Web page caption snippets
▬▬▬▬▬▬▬▬▬▬
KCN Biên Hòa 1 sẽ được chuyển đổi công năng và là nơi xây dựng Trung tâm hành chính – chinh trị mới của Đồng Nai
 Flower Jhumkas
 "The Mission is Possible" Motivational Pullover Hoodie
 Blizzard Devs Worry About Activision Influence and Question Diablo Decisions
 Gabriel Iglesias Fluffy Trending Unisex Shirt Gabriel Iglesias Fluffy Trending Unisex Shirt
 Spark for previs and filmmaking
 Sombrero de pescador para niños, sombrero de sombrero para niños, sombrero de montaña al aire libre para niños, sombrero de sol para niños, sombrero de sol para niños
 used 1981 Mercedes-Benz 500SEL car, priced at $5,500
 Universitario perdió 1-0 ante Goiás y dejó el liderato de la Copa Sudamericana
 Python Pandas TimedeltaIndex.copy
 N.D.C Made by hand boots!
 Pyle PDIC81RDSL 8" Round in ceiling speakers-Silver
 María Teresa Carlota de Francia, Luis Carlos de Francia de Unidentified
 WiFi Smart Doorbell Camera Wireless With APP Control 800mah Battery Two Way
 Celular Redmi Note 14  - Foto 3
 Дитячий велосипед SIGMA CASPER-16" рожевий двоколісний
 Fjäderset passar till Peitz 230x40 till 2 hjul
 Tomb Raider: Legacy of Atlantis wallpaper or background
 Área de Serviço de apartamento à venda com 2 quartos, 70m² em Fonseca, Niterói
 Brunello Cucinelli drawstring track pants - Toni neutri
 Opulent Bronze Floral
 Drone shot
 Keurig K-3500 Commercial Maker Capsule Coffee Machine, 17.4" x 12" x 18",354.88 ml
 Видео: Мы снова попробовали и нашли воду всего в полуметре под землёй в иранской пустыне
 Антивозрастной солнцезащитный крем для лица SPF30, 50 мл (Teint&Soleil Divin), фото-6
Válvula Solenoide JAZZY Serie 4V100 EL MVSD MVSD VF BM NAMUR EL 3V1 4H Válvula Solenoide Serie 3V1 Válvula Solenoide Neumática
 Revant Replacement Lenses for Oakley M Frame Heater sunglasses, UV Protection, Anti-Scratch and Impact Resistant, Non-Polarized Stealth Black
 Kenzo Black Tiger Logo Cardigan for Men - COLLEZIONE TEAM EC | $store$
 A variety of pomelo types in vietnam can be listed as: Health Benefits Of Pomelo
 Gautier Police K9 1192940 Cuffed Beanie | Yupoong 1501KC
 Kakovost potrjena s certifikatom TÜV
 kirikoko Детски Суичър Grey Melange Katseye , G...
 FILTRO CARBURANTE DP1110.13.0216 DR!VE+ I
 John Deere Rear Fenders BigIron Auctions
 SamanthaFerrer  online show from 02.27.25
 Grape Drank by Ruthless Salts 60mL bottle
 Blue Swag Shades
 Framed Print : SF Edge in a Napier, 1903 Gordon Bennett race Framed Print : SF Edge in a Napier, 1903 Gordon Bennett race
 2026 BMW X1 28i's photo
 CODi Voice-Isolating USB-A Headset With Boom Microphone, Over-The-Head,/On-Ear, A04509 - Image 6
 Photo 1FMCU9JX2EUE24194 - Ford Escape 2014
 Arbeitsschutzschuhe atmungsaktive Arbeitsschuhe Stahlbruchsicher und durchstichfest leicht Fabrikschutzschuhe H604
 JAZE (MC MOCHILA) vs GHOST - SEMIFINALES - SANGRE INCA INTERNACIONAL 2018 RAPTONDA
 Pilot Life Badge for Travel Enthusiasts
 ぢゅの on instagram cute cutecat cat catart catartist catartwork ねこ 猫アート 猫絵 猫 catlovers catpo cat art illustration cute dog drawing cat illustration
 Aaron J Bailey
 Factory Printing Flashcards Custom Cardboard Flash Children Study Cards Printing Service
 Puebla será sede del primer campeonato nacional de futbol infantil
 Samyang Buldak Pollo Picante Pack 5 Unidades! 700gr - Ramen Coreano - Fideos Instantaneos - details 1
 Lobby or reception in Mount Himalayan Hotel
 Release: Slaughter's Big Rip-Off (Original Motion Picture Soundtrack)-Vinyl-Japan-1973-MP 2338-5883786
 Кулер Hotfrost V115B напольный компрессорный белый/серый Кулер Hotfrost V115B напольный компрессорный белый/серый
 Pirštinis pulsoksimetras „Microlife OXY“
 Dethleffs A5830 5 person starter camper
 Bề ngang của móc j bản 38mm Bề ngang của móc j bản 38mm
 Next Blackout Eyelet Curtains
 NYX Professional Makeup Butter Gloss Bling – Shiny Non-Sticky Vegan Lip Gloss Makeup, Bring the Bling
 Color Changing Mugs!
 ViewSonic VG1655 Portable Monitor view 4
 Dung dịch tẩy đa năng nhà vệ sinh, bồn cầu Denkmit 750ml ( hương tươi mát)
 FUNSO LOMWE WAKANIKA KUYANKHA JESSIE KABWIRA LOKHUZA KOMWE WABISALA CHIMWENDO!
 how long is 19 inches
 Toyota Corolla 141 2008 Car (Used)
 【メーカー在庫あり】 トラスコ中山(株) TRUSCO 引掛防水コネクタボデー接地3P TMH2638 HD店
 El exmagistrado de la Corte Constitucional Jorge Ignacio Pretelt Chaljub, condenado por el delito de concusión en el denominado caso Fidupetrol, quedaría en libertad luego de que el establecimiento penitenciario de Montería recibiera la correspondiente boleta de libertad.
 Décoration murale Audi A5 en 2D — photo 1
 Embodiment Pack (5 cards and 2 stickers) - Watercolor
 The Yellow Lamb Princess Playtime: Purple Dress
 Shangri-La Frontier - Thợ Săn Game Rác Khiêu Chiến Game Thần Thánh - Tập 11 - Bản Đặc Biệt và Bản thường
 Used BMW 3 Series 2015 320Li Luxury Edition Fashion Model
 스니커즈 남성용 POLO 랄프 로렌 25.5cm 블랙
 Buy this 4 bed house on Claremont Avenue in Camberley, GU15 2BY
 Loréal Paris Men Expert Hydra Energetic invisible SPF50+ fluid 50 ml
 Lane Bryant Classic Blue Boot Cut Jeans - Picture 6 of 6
▬▬▬▬▬▬▬▬▬▬
> **What to do**:
Above are the entries. Output exactly the lines beginning with the line that has "JAZE (MC MOCHILA)" and ending with the line that has "The Yellow Lamb".

> **Exercise solution**:
 JAZE (MC MOCHILA) vs GHOST - SEMIFINALES - SANGRE INCA INTERNACIONAL 2018 RAPTONDA
 Pilot Life Badge for Travel Enthusiasts
 ぢゅの on instagram cute cutecat cat catart catartist catartwork ねこ 猫アート 猫絵 猫 catlovers catpo cat art illustration cute dog drawing cat illustration
 Aaron J Bailey
 Factory Printing Flashcards Custom Cardboard Flash Children Study Cards Printing Service
 Puebla será sede del primer campeonato nacional de futbol infantil
 Samyang Buldak Pollo Picante Pack 5 Unidades! 700gr - Ramen Coreano - Fideos Instantaneos - details 1
 Lobby or reception in Mount Himalayan Hotel
 Release: Slaughter's Big Rip-Off (Original Motion Picture Soundtrack)-Vinyl-Japan-1973-MP 2338-5883786
 Кулер Hotfrost V115B напольный компрессорный белый/серый Кулер Hotfrost V115B напольный компрессорный белый/серый
 Pirštinis pulsoksimetras „Microlife OXY“
 Dethleffs A5830 5 person starter camper
 Bề ngang của móc j bản 38mm Bề ngang của móc j bản 38mm
 Next Blackout Eyelet Curtains
 NYX Professional Makeup Butter Gloss Bling – Shiny Non-Sticky Vegan Lip Gloss Makeup, Bring the Bling
 Color Changing Mugs!
 ViewSonic VG1655 Portable Monitor view 4
 Dung dịch tẩy đa năng nhà vệ sinh, bồn cầu Denkmit 750ml ( hương tươi mát)
 FUNSO LOMWE WAKANIKA KUYANKHA JESSIE KABWIRA LOKHUZA KOMWE WABISALA CHIMWENDO!
 how long is 19 inches
 Toyota Corolla 141 2008 Car (Used)
 【メーカー在庫あり】 トラスコ中山(株) TRUSCO 引掛防水コネクタボデー接地3P TMH2638 HD店
 El exmagistrado de la Corte Constitucional Jorge Ignacio Pretelt Chaljub, condenado por el delito de concusión en el denominado caso Fidupetrol, quedaría en libertad luego de que el establecimiento penitenciario de Montería recibiera la correspondiente boleta de libertad.
 Décoration murale Audi A5 en 2D — photo 1
 Embodiment Pack (5 cards and 2 stickers) - Watercolor
 The Yellow Lamb Princess Playtime: Purple Dress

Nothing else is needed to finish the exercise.